(PROBLEM TO WORK ON): Please repeat only the stretch of records running from the first line through the line that contains "7Nights 8 days Kashmir Honeymoon tour".
*** SUPPLIED RECORDS ***
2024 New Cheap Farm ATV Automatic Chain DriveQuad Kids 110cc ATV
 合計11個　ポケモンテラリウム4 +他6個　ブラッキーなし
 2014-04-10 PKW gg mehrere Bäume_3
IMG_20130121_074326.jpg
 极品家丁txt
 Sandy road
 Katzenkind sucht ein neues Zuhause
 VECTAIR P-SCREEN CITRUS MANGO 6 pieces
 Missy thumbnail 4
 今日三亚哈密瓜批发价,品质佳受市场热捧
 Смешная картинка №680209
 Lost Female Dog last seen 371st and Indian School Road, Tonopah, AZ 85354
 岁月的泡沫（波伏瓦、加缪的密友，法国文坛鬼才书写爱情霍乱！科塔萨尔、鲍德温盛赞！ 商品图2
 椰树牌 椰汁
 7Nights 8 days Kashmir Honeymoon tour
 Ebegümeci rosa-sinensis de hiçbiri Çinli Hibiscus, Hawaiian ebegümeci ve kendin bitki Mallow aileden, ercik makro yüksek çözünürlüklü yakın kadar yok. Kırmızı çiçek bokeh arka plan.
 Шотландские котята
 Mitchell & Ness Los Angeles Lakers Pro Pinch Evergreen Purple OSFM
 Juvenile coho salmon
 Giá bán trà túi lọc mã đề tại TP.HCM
*** End of SUPPLIED RECORDS ***
(EXERCISE RESULT):
2024 New Cheap Farm ATV Automatic Chain DriveQuad Kids 110cc ATV
 合計11個　ポケモンテラリウム4 +他6個　ブラッキーなし
 2014-04-10 PKW gg mehrere Bäume_3
IMG_20130121_074326.jpg
 极品家丁txt
 Sandy road
 Katzenkind sucht ein neues Zuhause
 VECTAIR P-SCREEN CITRUS MANGO 6 pieces
 Missy thumbnail 4
 今日三亚哈密瓜批发价,品质佳受市场热捧
 Смешная картинка №680209
 Lost Female Dog last seen 371st and Indian School Road, Tonopah, AZ 85354
 岁月的泡沫（波伏瓦、加缪的密友，法国文坛鬼才书写爱情霍乱！科塔萨尔、鲍德温盛赞！ 商品图2
 椰树牌 椰汁
 7Nights 8 days Kashmir Honeymoon tour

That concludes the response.